Un acte manqué, que les 40 salariés voient plutôt comme une tromperie, ou pire, certains parlent même d'une trahison de la part d'une direction qui les a employés pendant parfois 40 ans.

"Le PSE (plan de sauvegarde de l'emploi) a quand même amélioré les primes de licenciement. On n'est pas jaloux, mais il y a des personnes qui sont parties avec des sommes conséquentes avec seulement 10 ans d'ancienneté", ressasse Valérie, n'osant pas donner le montant exact de leurs indemnisations, mais soufflant que certains sont repartis avec une somme cinq fois supérieure à celle que les plus anciens avaient reçue.

"Si on avait su que l'usine allait fermer on n'aurait jamais signé. C'était pour sauver l'usine, pour que les jeunes gardent leur emploi. Mais ça s'est retourné contre nous."

Si on avait su que l'usine allait fermer on n'aurait jamais signé. C'était pour sauver l'usine, pour que les jeunes gardent leur emploi. Mais ça s'est retourné contre nous.

Valérie Bracq

Tourner la page du préjudice moral

Cette différence de traitement peine à passer dans la conscience du groupe de plaignants. Car au-delà du préjudice financier, les 40 ex-salariés de Buitoni évoquent également le préjudice moral provoqué par le scandale de la bactérie E-coli.

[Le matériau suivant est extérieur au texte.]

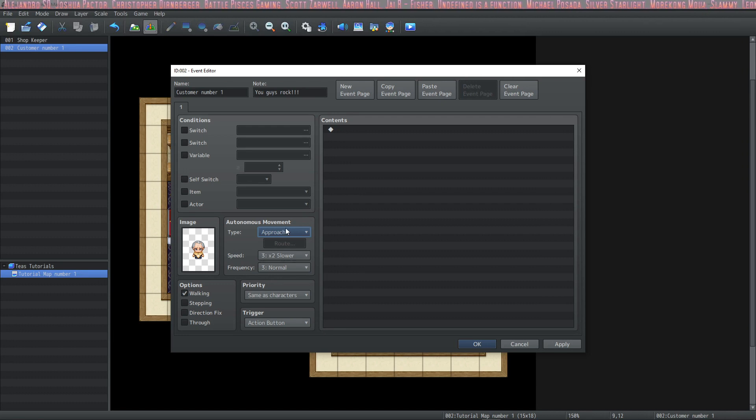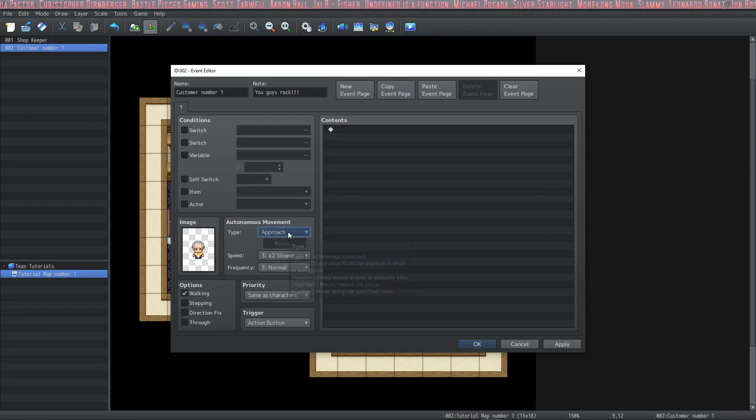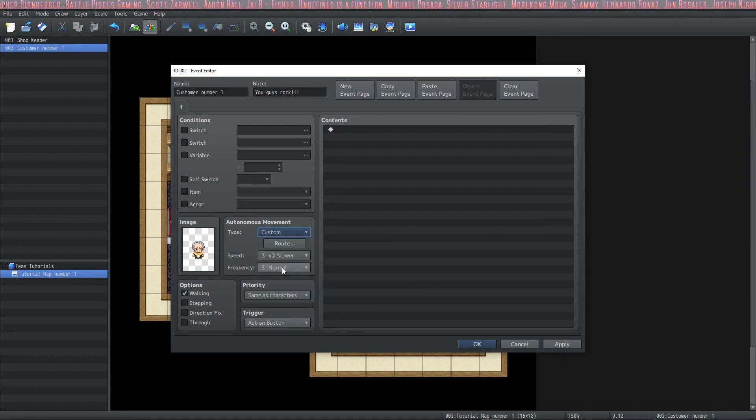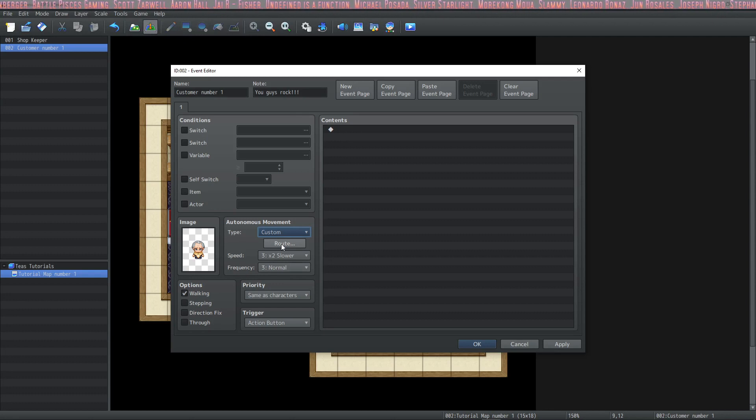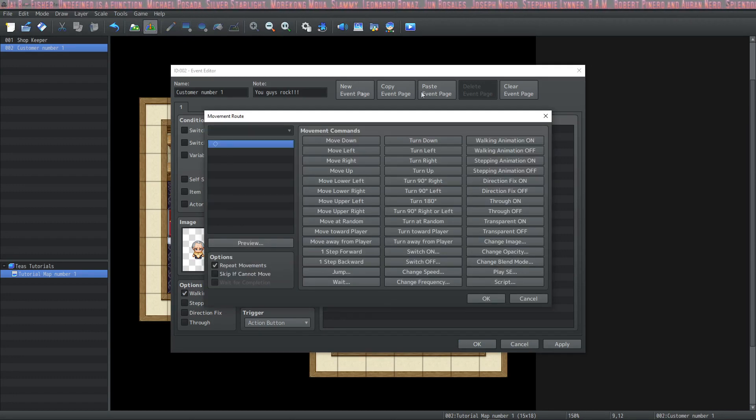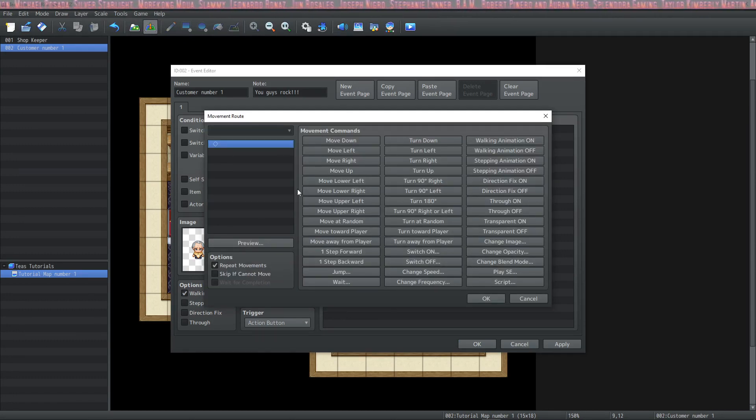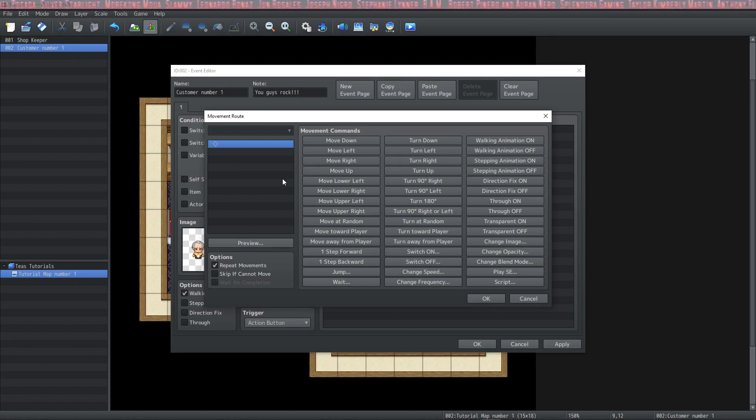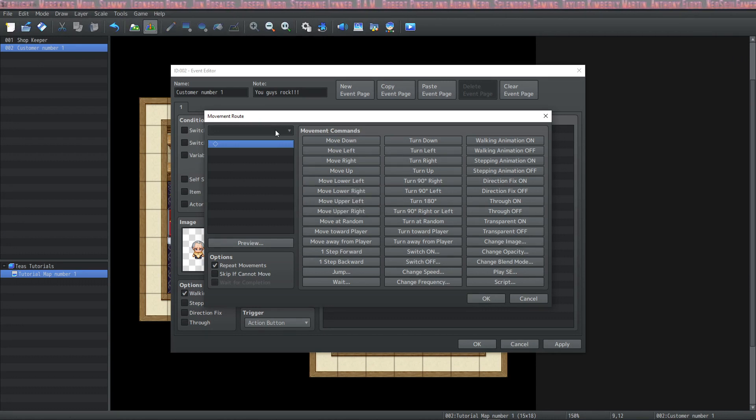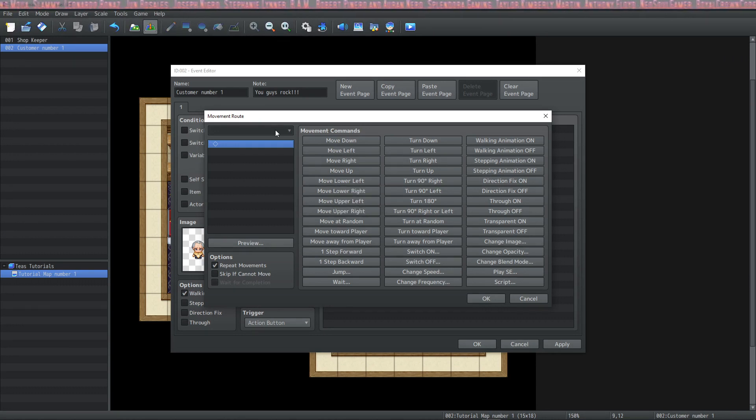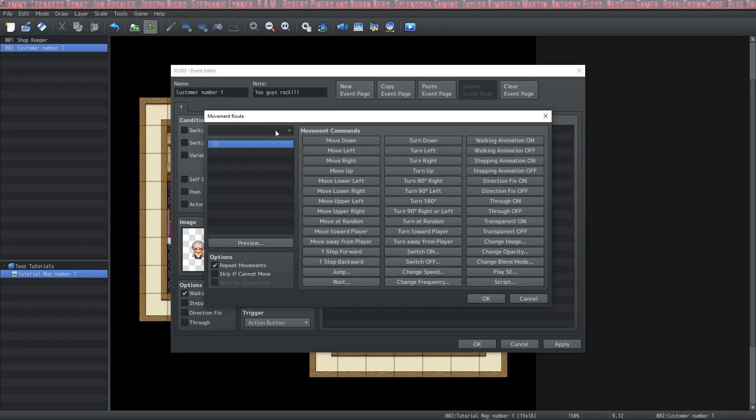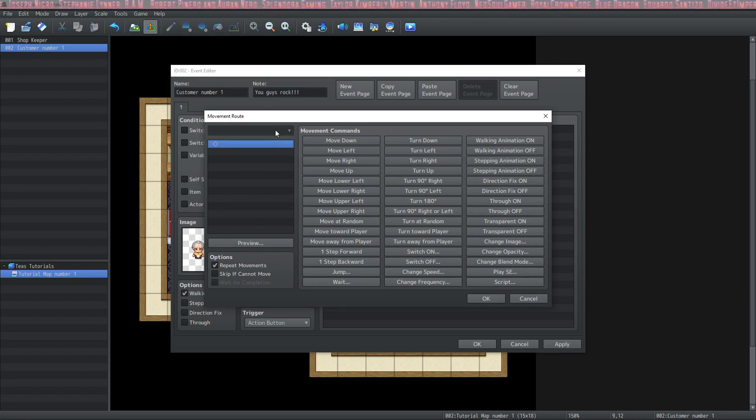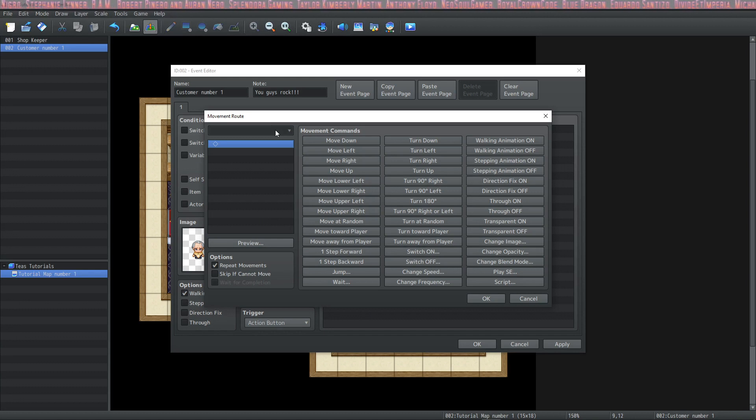It also has approach, and if you select this, it will approach the party. But we're going to use custom and make a custom route. This movement route page looks a lot like the one you'll use in the second method, except for one major difference. Here is a drop-down list that usually shows the events on the map. But because we're doing the autonomous movement, it's set to only this event, therefore there's no drop-down list.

"Le préjudice, on l'a vécu comme tout le monde. On a été désignés de la même façon dans la presse, parmi nos voisins et aux yeux des Français. On a passé notre vie à l'usine, on est associés à Buitoni... Mais nous les montants n'ont pas suivi", assène Valérie, qui s'emporte légèrement.

Évoquer le sujet du scandale sanitaire n'a rien d'aisé pour la travailleuse, qui sera enfin à la retraite au 1er juillet. Pendant ces quelques mois, Valérie explique son "pincement au cœur" au moment de rappeler son long passage chez Buitoni : "Quand on parle de notre carrière on a du mal à le dire. On évite tout ce qui est lié à la marque Buitoni."

Quand on parle de notre carrière on a du mal à le dire. On évite tout ce qui est lié à la marque Buitoni.

Valérie Bracq

Lors de cette première audience chez les prud'hommes, les 40 salariés espèrent donc un peu de compassion, mais cherchent surtout la résilience, pour enfin pouvoir laisser la colère et les mauvais souvenirs entre les quatre murs de Buitoni.